TASK GOAL —
Find the line with "Finance doesn’t create value, it tracks it." in the entries below, then reproduce it and every line after it down to and including the line with "#ArikEmpire https://t.co/MroyKMUB2k", exactly.

:: DATASET CONTENT ::

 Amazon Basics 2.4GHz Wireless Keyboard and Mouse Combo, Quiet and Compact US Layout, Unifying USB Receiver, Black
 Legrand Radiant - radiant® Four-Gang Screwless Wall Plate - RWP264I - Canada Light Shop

:::
:: DATASET CONTENT ::

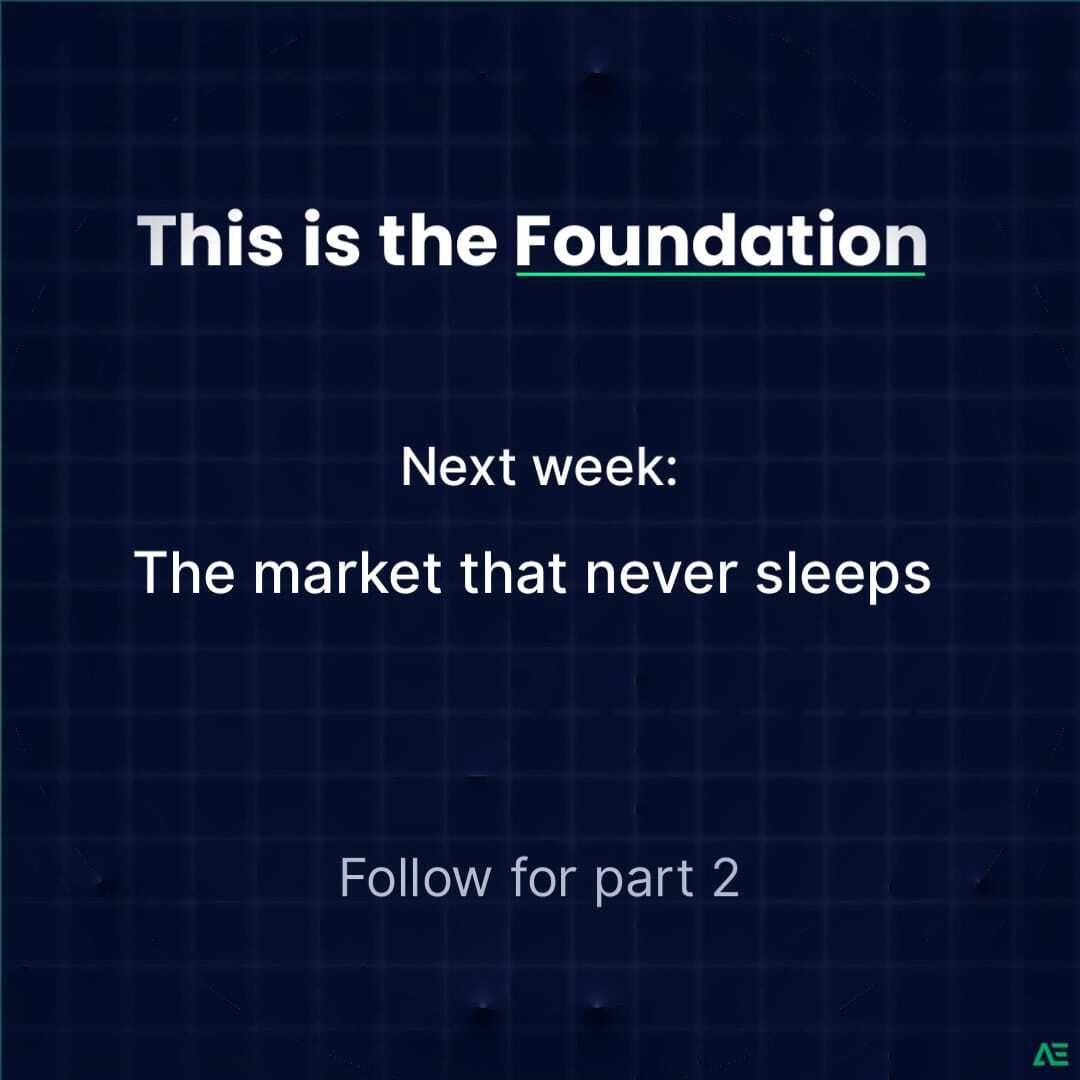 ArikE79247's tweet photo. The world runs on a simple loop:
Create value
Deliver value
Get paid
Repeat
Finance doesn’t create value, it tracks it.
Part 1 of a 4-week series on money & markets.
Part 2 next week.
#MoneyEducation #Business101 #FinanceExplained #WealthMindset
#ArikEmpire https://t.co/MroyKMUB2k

:::
:: DATASET CONTENT ::

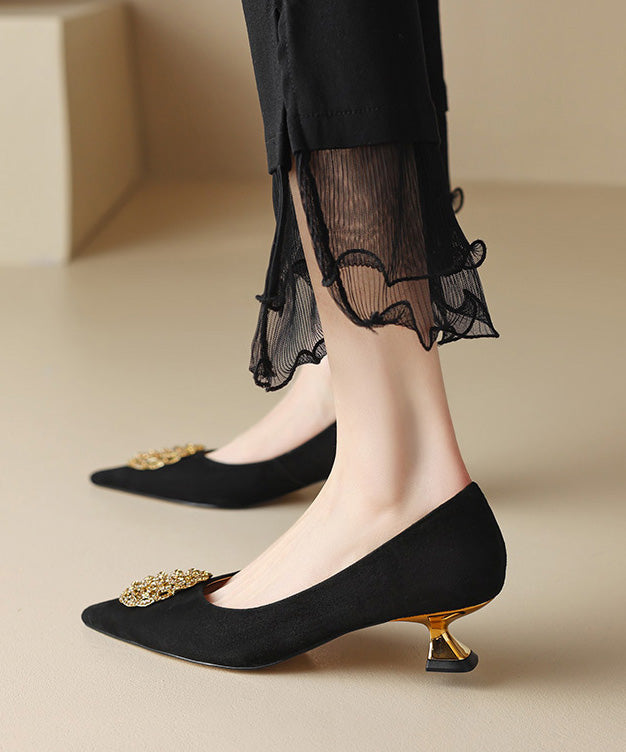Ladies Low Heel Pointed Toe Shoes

:::

RESPONSE AREA —
Finance doesn’t create value, it tracks it.
Part 1 of a 4-week series on money & markets.
Part 2 next week.
#MoneyEducation #Business101 #FinanceExplained #WealthMindset
#ArikEmpire https://t.co/MroyKMUB2k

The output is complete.